Therapeutic hypothermia has become an accepted part of post-resuscitation care. Efforts to shorten the time from return of spontaneous circulation to target temperature have led to the exploration of different cooling techniques. Convective-immersion uses a continuous shower of 2 degrees C water to rapidly induce hypothermia. The primary purpose of this multi-center trial was to evaluate the feasibility and speed of convective-immersion cooling in the clinical environment. The secondary goal was to examine the impact of rapid hypothermia induction on patient outcome. 24 post-cardiac arrest patients from 3 centers were enrolled in the study; 22 agreed to participate until the 6-month evaluations were completed. The median rate of cooling was 3.0 degrees C/h. Cooling times were shorter than reported in previous studies. The median time to cool the patients to target temperature (<34 degrees C) was 37 min (range 14-81 min); and only 27 min in a subset of patients sedated with propofol. Survival was excellent, with 68% surviving to 6 months; 87% of survivors were living independently at 6 months. Conductive-immersion surface cooling using the ThermoSuit System is a rapid, effective method of inducing therapeutic hypothermia. Although the study was not designed to demonstrate impact on outcomes, survival and neurologic function were superior to those previously reported, suggesting comparative studies should be undertaken. Shortening the delay from return of spontaneous circulation to hypothermic target temperature may significantly improve survival and neurologic outcome and warrants further study.

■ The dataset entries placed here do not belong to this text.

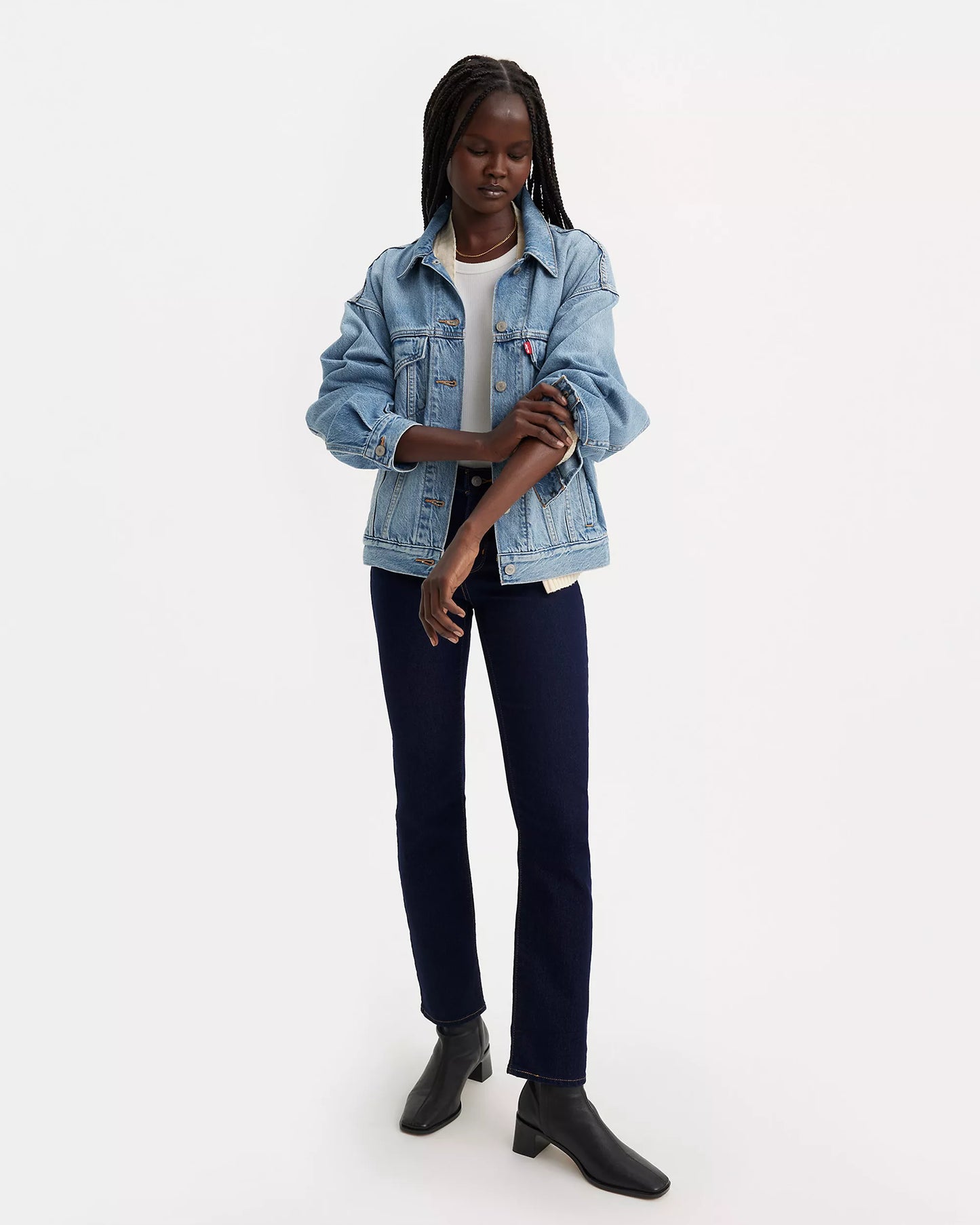 Levi’s 314 Shaping STRAIGHT Stellar STRETCH JEAN RECTO MOLDEADOR Women’s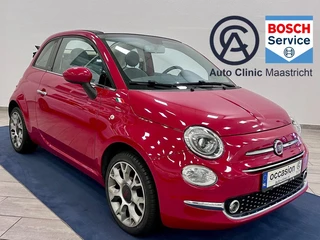 Fiat 500C 1.2 Lounge Cabrio | 4-Cilinder | Facelift | Climate Control | PDC
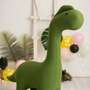 Dino Maxi plush toy Cotton Wood Green 0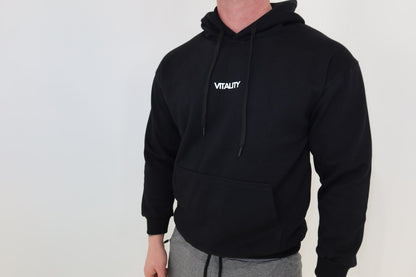 Mens Performance Hoodie - Vitality Apparel - Vitality Apparel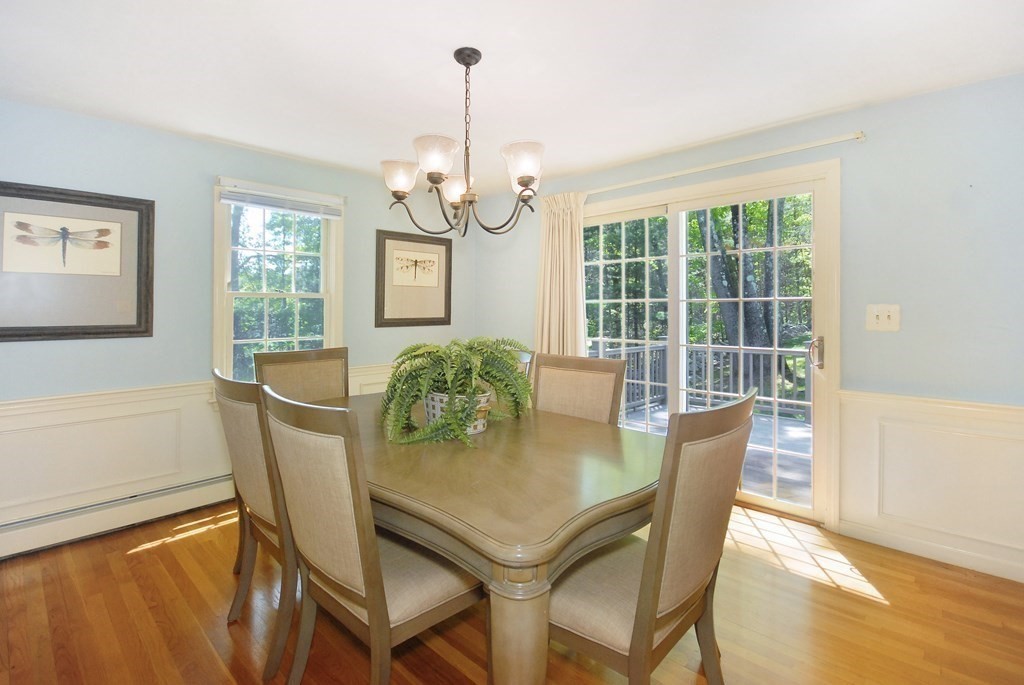 22 Taylor Road Stow, MA 01775 - Photo 6 of 32 a view of a dining room with furniture window and wooden floor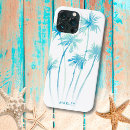 Recherche de plage de palmier iphone coques Littoral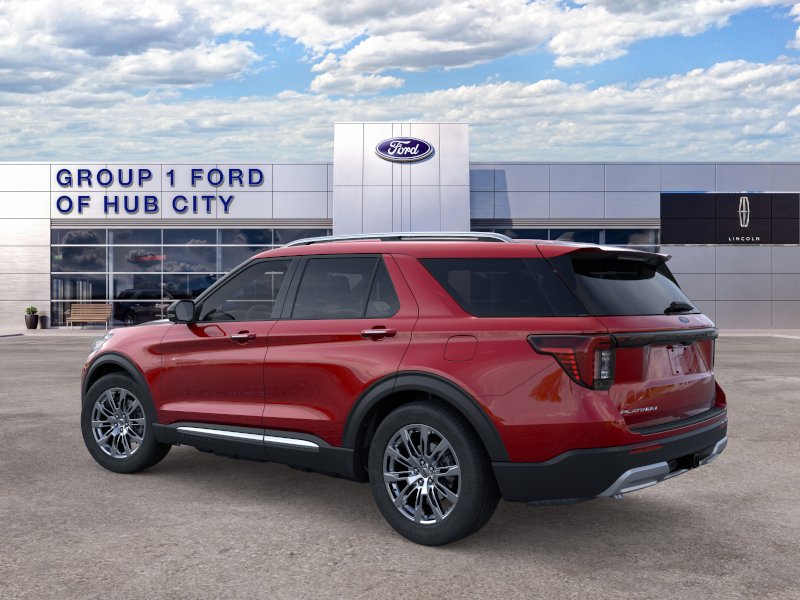 New 2026 Rapid Red Metallic Tinted Clearcoat Ford Platinum™ image 26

治疗性低温已成为复苏后治疗的公认部分。为了缩短自主循环恢复到目标温度的时间,人们已经尝试了不同的冷却技术。对流浸泡使用 2°C 的连续喷淋水来快速诱导低温。这项多中心试验的主要目的是评估临床环境中对流浸泡冷却的可行性和速度。次要目标是检查快速诱导低温对患者结局的影响。来自 3 个中心的 24 名心脏骤停后患者参与了这项研究;22 名患者同意参与,直到完成 6 个月的评估。冷却的中位数速率为 3.0°C/h。冷却时间比之前的研究报告更短。将患者冷却到目标温度(<34°C)的中位数时间为 37 分钟(范围 14-81 分钟);在接受丙泊酚镇静的亚组患者中仅为 27 分钟。存活率非常高,6 个月时 68%的患者存活;6 个月时,87%的幸存者生活能够自理。ThermoSuit 系统的传导表面冷却是一种快速有效的诱导治疗性低温的方法。尽管该研究的设计并非旨在证明对结局的影响,但存活率和神经功能优于之前的报告,表明应进行比较研究。缩短自主循环恢复到低温目标温度的延迟时间可能会显著改善存活率和神经结局,值得进一步研究。